Virgin Galactic and Blue Origin are competing for sub-orbital tourist launches.

SpaceX will fly its first orbital space tourists (4 at a time) later in 2021 through Inspiration4.

Nextbigfuture wishes Richard Branson, Jeff Bezos and the rest of the Virgin Galactic and Blue Origin crews safe journeys this month.

SOURCES – Virgin Galactic, Blue Origin, SpaceX, Inspiration 4
Written by Brian Wang, Nextbigfuture.com

46 thoughts on “Billionaire Richard Branson Will Beat Jeff Bezos to Space”

  1. The return of the Victorian idea of the gentleman adventurer? Safaris in space rather than in Africa. Good, more people will want to emulate them which will drive investment and innovation, which will continue to drive cost down. Of course, others will want to regulate them so that they don't disrupt the status quo.

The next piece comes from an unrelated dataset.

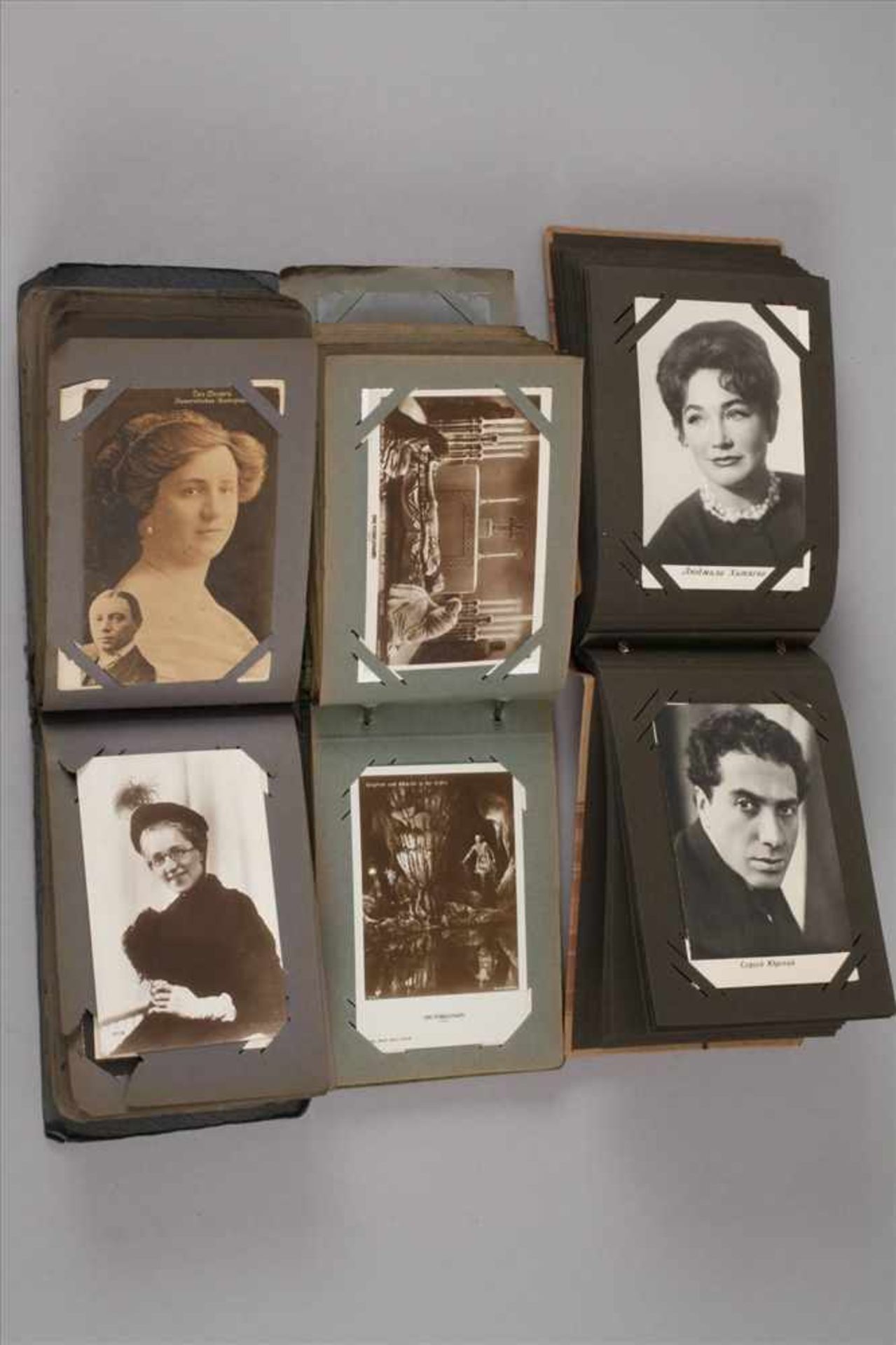 Drei Alben Künstlerkartenca. 230 Postkarten, 20er/30er/40er Jahre, Theater, Oper und Stummfilm, - Bild 5 aus 7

  2. Musk likes a good joke, but I think that he understands that if he dies this year, then the Mars colonisation project is dead on the water. If he is not here to push for it, nobody will. Maybe others will push for O'Neill colonies (like our friend Dan), maybe for a science lab on the lunar South pole. But definitely nothing manned in translunar space, and thus a well-aimed supernova relativistic jet can sterilise all of human civilisation, no trouble.

    Maybe in another ten or twenty years things will have enough inertia that even if Elon dies in a stupid accident, the colony will still happen. For now, I think he knows he cannot afford to roll the dice.

  3. This is Musk we are talking about. Are we absolutely sure he won't just do that as a surprise?

    Livestream it from orbit where he's got a handicam to point down and record the Virgin flight? Make some virgin jokes that get the youtube video banned?

  4. Who was the first European aristocrat to die in the Americas?

    Don't know? I don't know. Nobody cares.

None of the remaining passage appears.